FINDINGS OF FACT, CONCLUSIONS OF LAW AND ORDER

Respondent.

 

Cogdill, Deno, Millikan and Carter, by W. Mitchell Cogdill, Attorney at Law, appeared on behalf of the complainant.

Allen J. Hendricks, Attorney at Law, appeared on behalf of the respondent.

On December 4, 1987, Amalgamated Transit Union, Local 157 6 (complainant) , filed a complaint charging unfair labor practices against Snohomish County Public Transportation Benefit Area Corporation (respondent). The complaint alleged that the respondent violated RCW 41.56.140(1), (2) and (4) by "contracting out" certain bus routes to a private bus company. A hearing was held on June 23, 1988, in Everett, Washington. The parties submitted post-hearing briefs on August 10, 1988.

BACKGROUND

Community Transit is a governmental entity formed by a number of municipalities to provide mass transit services. The respondent has a collective bargaining relationship with Amalgamated Transit Union, Local 1576, concerning a bargaining unit defined in the April 1, 1988, through March 31, 1991, collective bargaining agreement between the parties as:

a.                   Regular Coach Operators and Extra Board Coach Operators

b.                  Dispatch Clerks

c.                   Trainers

d.                  Employees who work 420 hours or more in a six consecutive month period excluded from benefits except uniforms …

e.                   Information Specialist. This excludes all part-time or relief Information Specialists …

f.                   Property Maintenance Workers

g.                  Hourly Coach Operators employed on an as-needed basis effective June 1, 1988 are defined as "those who work less than seventy (70) hours per month.

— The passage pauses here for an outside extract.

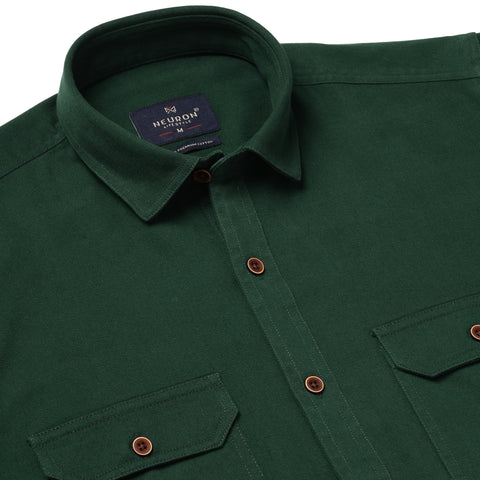 Men's Bottle Green Double Pocket Casual Shirt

Regular operators work 40 hours or more weekly, while extra board drivers typically work 30 to 35 hours per week.[1] In addition, there are a number of "part-time" employees who only work in the event that regular or extra board drivers do not want a specific assignment. The collective bargaining agreement specifies that these part-time employees, referred to in the contract as "Hourly Coach Operators", can be included in the bargaining unit if they have successfully completed a probation period, and that they will be offered employment on a rotation basis. The hourly coach employees do not enjoy all benefits under the agreement, and the contract specifies which provisions apply to them.

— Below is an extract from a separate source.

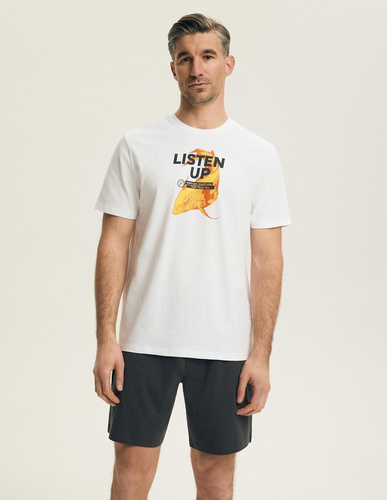 Pánske bavlnené pyžamo Henderson 44504 Bait biele pohodlný set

The collective bargaining agreement also contained the following management rights clause:

It is recognized that, except as expressly stated herein, the Employer shall retain whatever rights and authority are necessary for it to operate and direct the affairs of the SCPTBAC in all of its various aspects, including, but not limited to, the right to direct the working forces; to plan, direct and control all operations and services of the SCPTBAC; to determine the methods, means, organization and number of personnel by which such operations and services are to be conducted; to assign and transfer Employees; to determine whether goods or services should be made or purchased; to hire, promote, demote, suspend, discipline, discharge, or relieve Employees due to lack of work or other legitimate reasons; to make and enforce reasonable rules and regulations; and to change or eliminate existing methods, equipment or facilities.

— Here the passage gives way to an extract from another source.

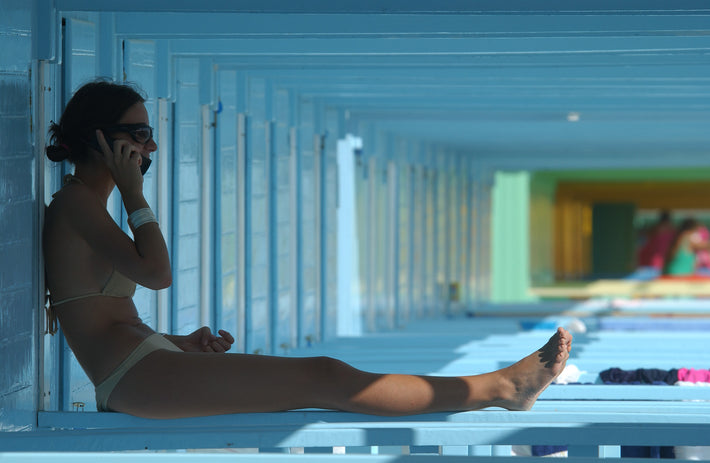 All Blue, Woman Sitting, Tuscany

Community Transit was originally formed as a public transportation benefit area in 1976, and it appears that those terms have developed over the period since 1976.[2]

Prior to 1976, METRO (the Municipality of Metropolitan Seattle) provided some bus transportation services between Seattle and the south Snohomish County area. After Community Transit was formed, the new entity contracted with METRO for a time to continue service in Snohomish County area. In 1986, the respondent contracted out the routes formerly served by METRO to a private transportation company, American Transit Enterprises Management Services (ATE).[3]

The instant unfair labor practice dispute relates to the modification of certain bus routes offered by the respondent. In the latter part of May 1987, Local 1576 President Dan McDaniel learned that the respondent was considering modifications in several bus runs. On June 1, 1987, McDaniel wrote a letter to Community Transit Executive Director Kenneth Graska, expressing the union's concern about two proposed changes.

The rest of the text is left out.